#### [Material supplied]
○ ○ ○ ○

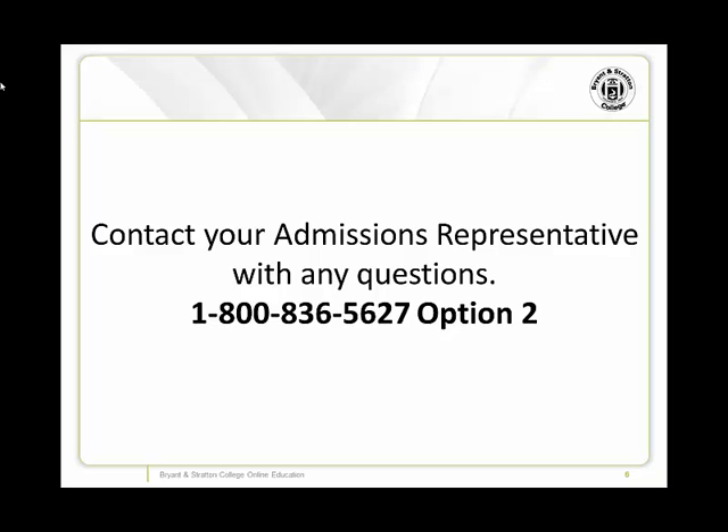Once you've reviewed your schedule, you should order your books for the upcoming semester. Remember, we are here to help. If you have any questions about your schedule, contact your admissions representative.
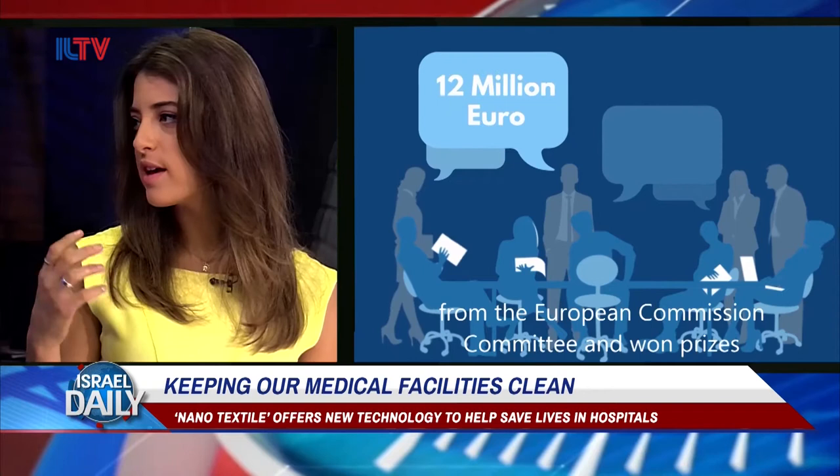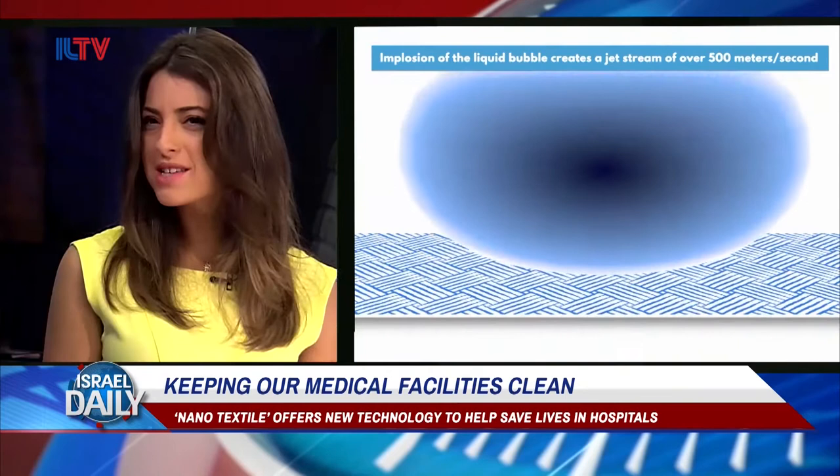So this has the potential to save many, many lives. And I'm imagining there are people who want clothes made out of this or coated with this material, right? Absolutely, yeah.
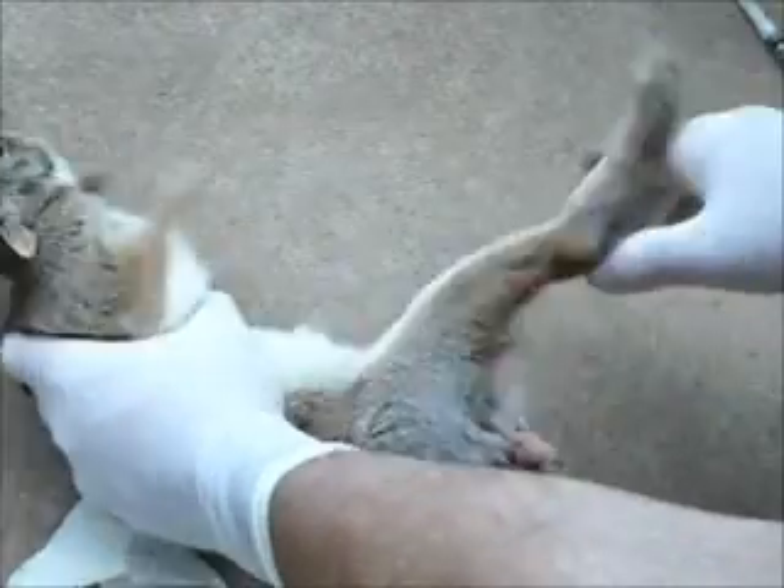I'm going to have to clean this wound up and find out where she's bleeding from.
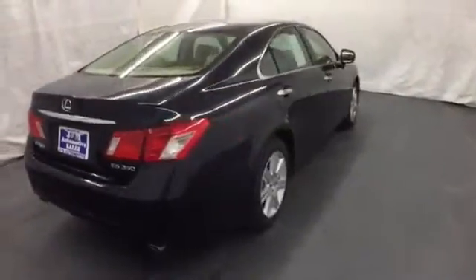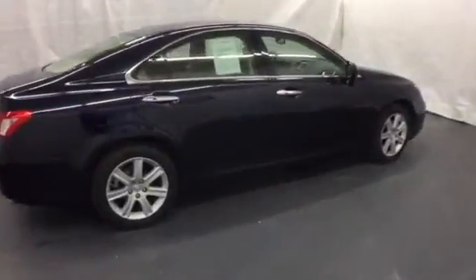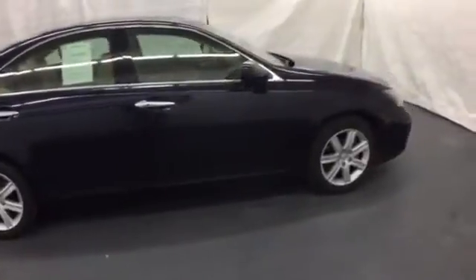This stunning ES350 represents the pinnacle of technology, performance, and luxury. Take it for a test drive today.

○ ○ ○ ○

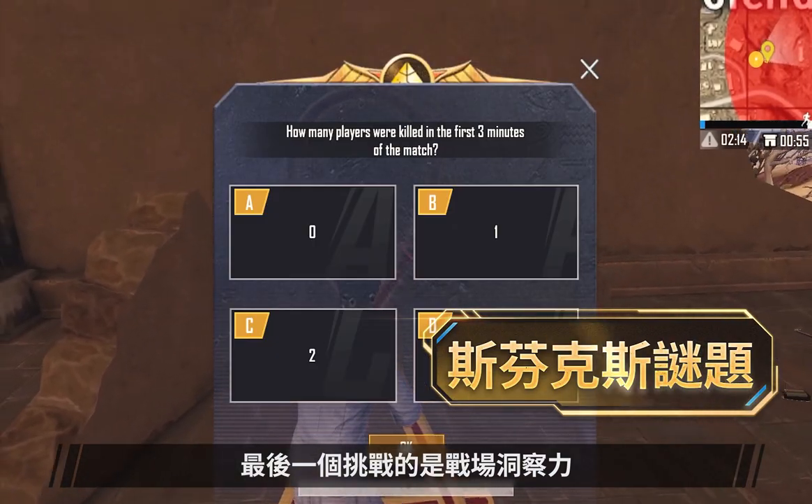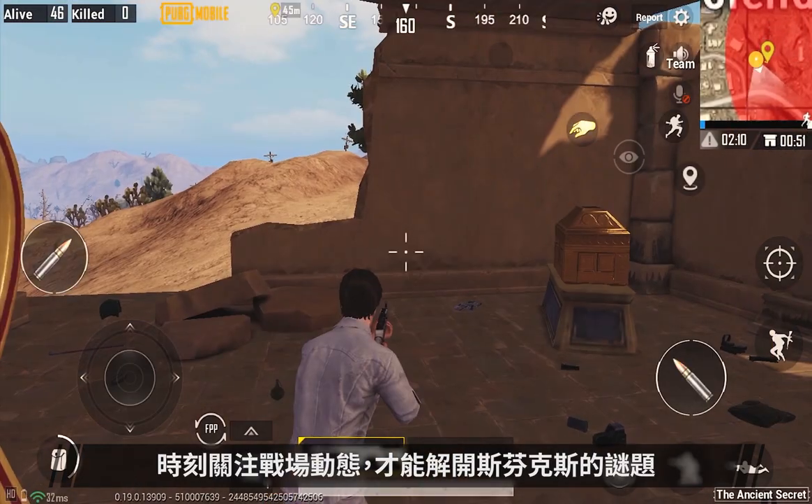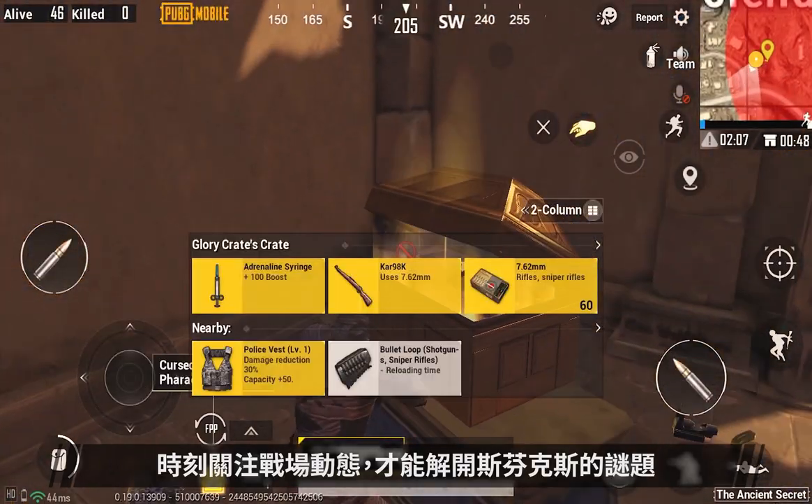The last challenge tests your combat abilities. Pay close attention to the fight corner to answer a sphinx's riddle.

○ ○ ○ ○

#### [Activity]
Using the listing above, restate exactly the range between the lines holding "I'm going to" and "This stunning ES350", inclusive, with pictures left out.

#### [Solution to the exercise]
I'm going to have to clean this wound up and find out where she's bleeding from.
This stunning ES350 represents the pinnacle of technology, performance, and luxury. Take it for a test drive today.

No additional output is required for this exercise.